Ein Job mit hoher Bedeutung für die Halbleiterindustrie
Die Entwicklungsingenieurin beschreibt ihren Job als sehr abwechslungsreich: „Er umfasst eine Mischung aus Laborarbeit, Büroarbeit vor Ort oder aus dem Homeoffice sowie Reisen zu unseren Halbleiterverpackungsdienstleistern ins Ausland, wie kürzlich nach China und Korea.“ Bei den Dienstleistern begleitet sie vor Ort den Anlauf der Serienproduktion und stellt sicher, dass die technischen Spezifikationen von Bosch eingehalten werden. „Zu meinen Aufgaben gehört auch die enge Abstimmung mit den Herstellern der verschiedenen Materialien, die für die Gehäuse verwendet werden und mit den Lieferanten der Anlagen, die in der Produktionslinie unserer Verpackungsdienstleister verwendet werden“, ergänzt sie. Diese Lieferanten finden sich weltweit, insbesondere jedoch in Asien.

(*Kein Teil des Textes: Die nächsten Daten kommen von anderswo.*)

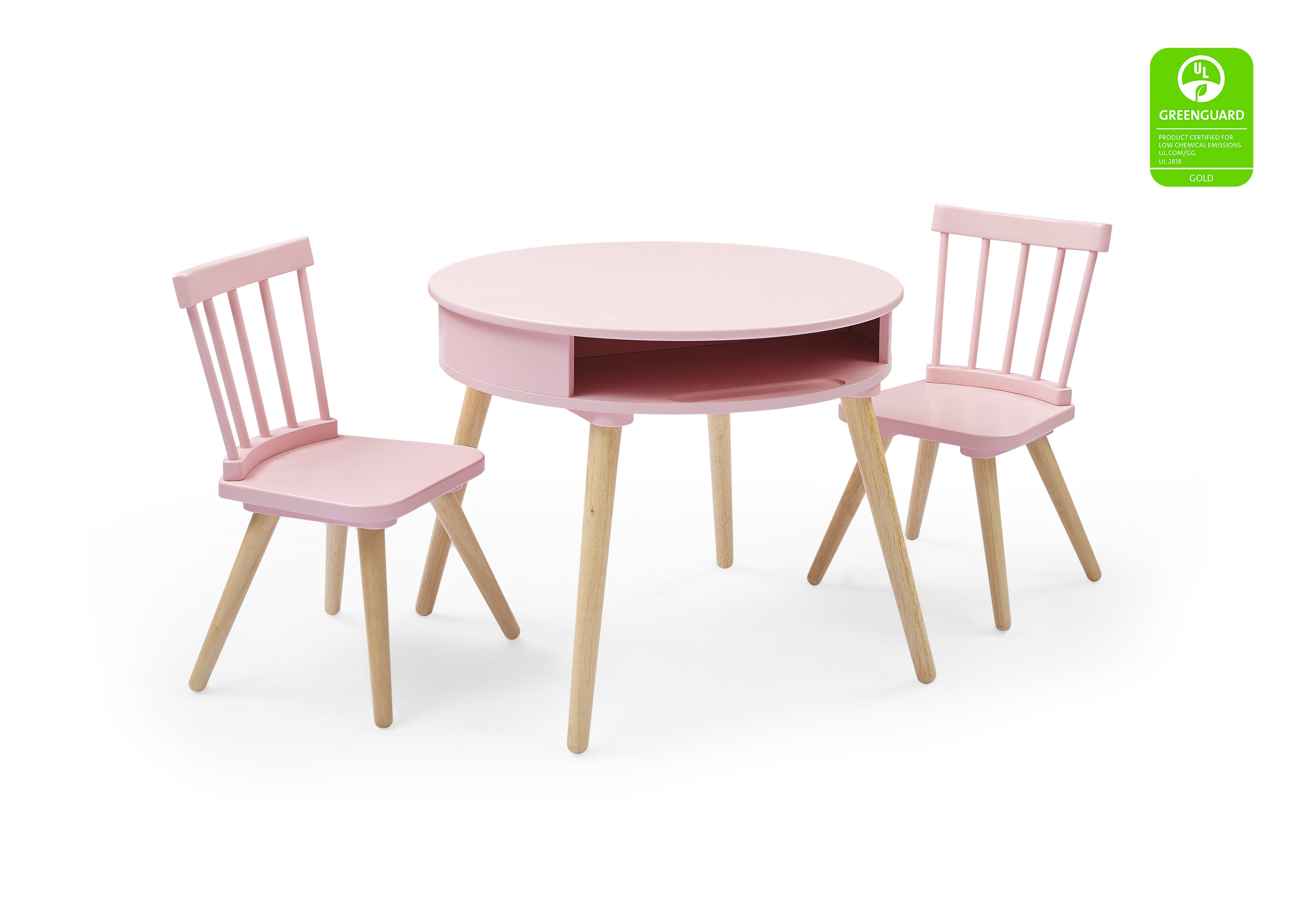 Hudson Storage Table & 2-Piece Chair Set - Space-Saving Dining Furniture for Small Apartments & Breakfast Nooks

Besonders spannend an der Aufgabe sei, dass die Rolle „von entscheidender Bedeutung für die Halbleiterindustrie ist“. Denn die Halbleiter-Chips können ja überhaupt erst verwendet werden, wenn sie ein Gehäuse haben. „Insbesondere bei MEMS-Sensoren ist das Gehäuse oft ein wesentlicher Faktor für die Funktion und die spätere Anwendung im Produkt”, erklärt die Expertin. Entspreche Sensoren von Bosch finden sich in etlichen Produkten – von Lastwagen bis hin zu Kopfhörern. „Die damit verbundenen vielfältigen Herausforderungen empfinde ich als äußerst faszinierend und abwechslungsreich“, sagt Rodenbusch-Mohr. Zusätzlich zu den technischen Fähigkeiten legt man bei Bosch großen Wert auf interkulturelle Kompetenz, was der Projektmanagerin sehr entgegenkommt: „Die Vielfalt in Bezug auf fachlichen Hintergrund, Kultur, Sprache, Berufserfahrung und Alter finde ich sehr inspirierend."